La forme totémique des œuvres a été travaillée conjointement par les deux artistes. Ce choix de la verticalité permet une activation en cascade du système. L'eau s'écoule d'un bac à un autre et laisse visible le mouvement du flux. L'ensemble prend un aspect fragile, les différents éléments semblent en effet tenir en équilibre les uns par rapport aux autres. Cette fragilité voulue est à l'image de la nature en général. Un élément polluant, une absence de nourriture, l'évaporation de l'eau entraîneraient en effet la mort des organismes vivants et des sculptures. Le projet se prolonge par la création de deux autres sculptures réalisées in situ dans la galerie Tinbox, sous la forme de deux bacs blancs reliés aux aquariums par des tuyauteries. Ces œuvres deviennent des extensions de l'espace de la galerie et forment un ensemble architectonique et organique venant rompre avec la verticalité des sculptures en porcelaine. Pour accueillir l'écosystème aquatique élaboré avec les scientifiques au sein de leur unité de recherche, les aquariums ont été réalisés à partir d'assemblages d'ustensiles de laboratoire. Ils ont été produits en partenariat avec un verrier scientifique. Leurs formes accentuent l'aspect de recherche, d'expérimentation et de laboratoire de l'œuvre que l'on retrouve également dans les tuyaux, pompes et câblages électriques qui sont intentionnellement visibles et jonchent le sol de la galerie.
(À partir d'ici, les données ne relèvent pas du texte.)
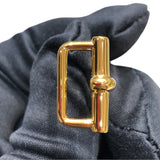 エルメス HERMES アンクルレザーキット13ベルト85cm W刻 ヴェールヴェロネーズ・ブルーサフィール レディース ベルト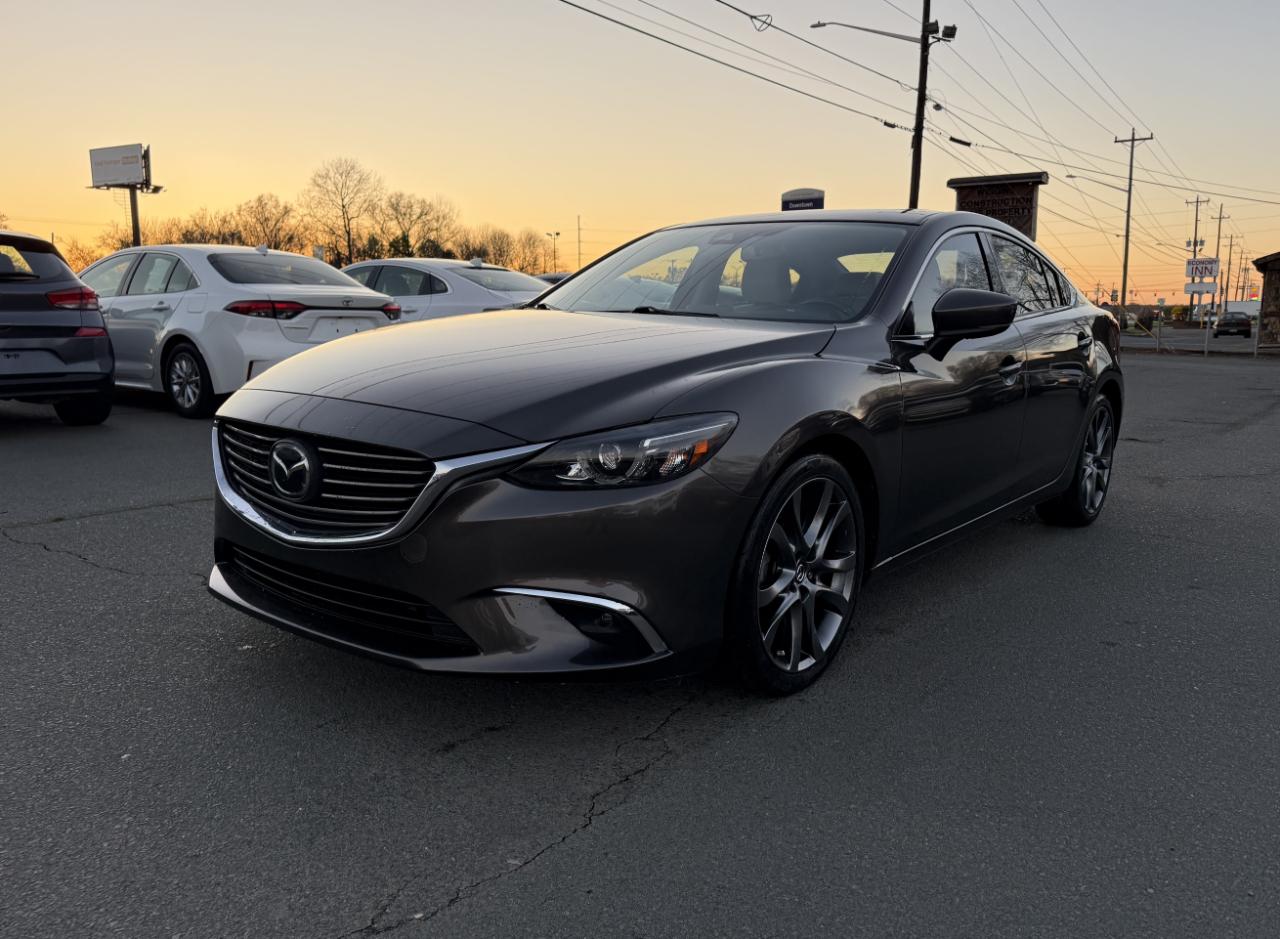 Mazda MAZDA6 Grand Touring 2017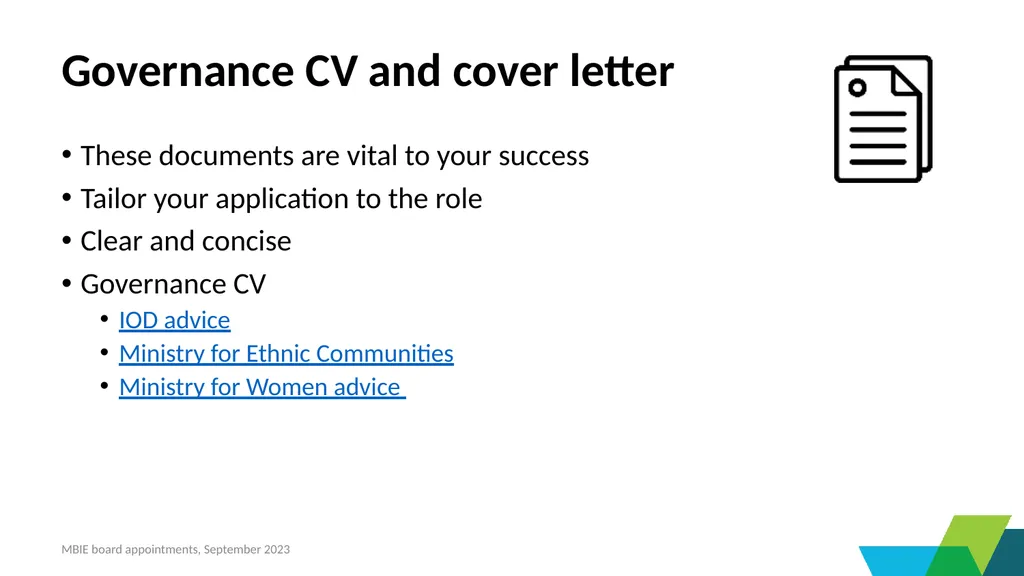 Crown Boards and Committees administered by - slide 20 of 27
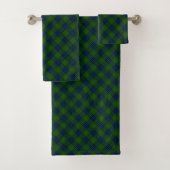 Lauder tartan bleu vert plaid (En situation)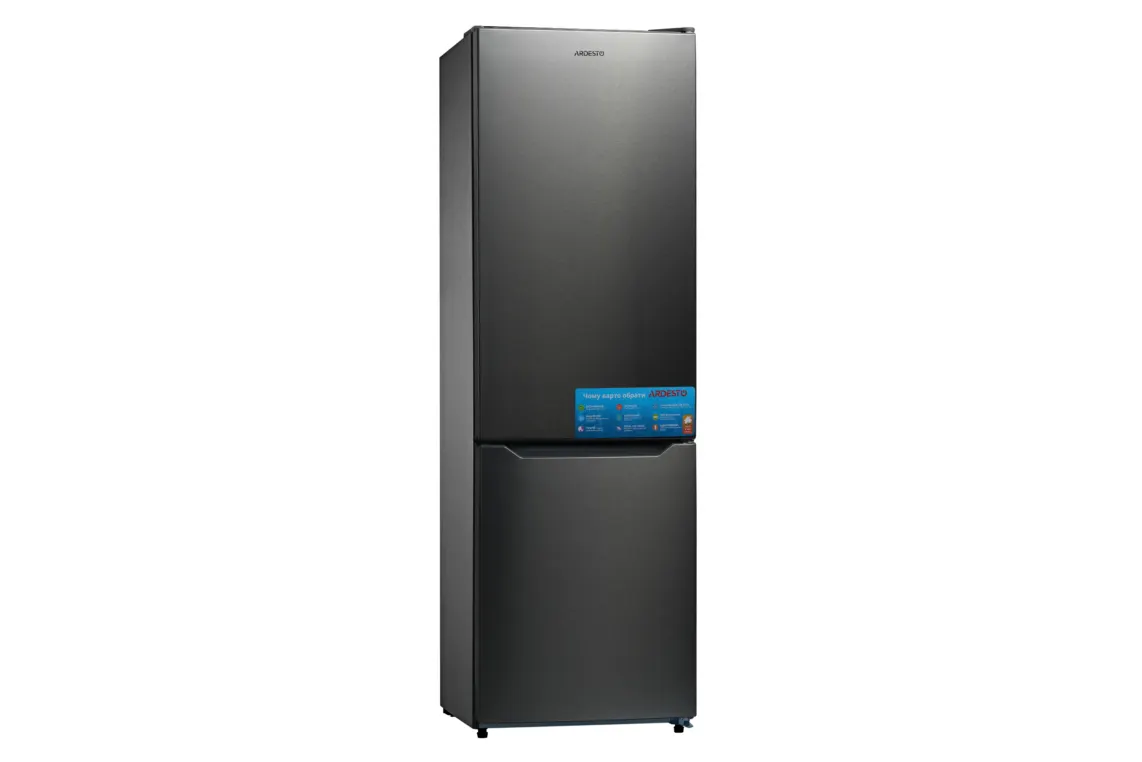 Ardesto DNF-M295X188 refrigerator 295 L, class A+, silver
Dans ce projet les œuvres sont des ensembles sculpturaux fonctionnant en symbiose où le processus de création reste visible. Le déséquilibre d'un élément entraînerait l'arrêt du système. Les " Sculptures Aquaponiques " sont ainsi des organismes vivants dont il est indispensable de prendre soin en permanence. Le temps est un facteur essentiel qui fait évoluer les œuvres : les plantes comestibles grandissent et meurent, les poissons ou les Lymnées se reproduisent et produisent des déchets, les sculptures sont transformées par l'écoulement de l'eau, la couleur change, les éléments se recouvrent d'algues. L'œuvre est ainsi en création et en transformation constante et se doit d'assurer le bien-être des espèces vivantes qui la composent.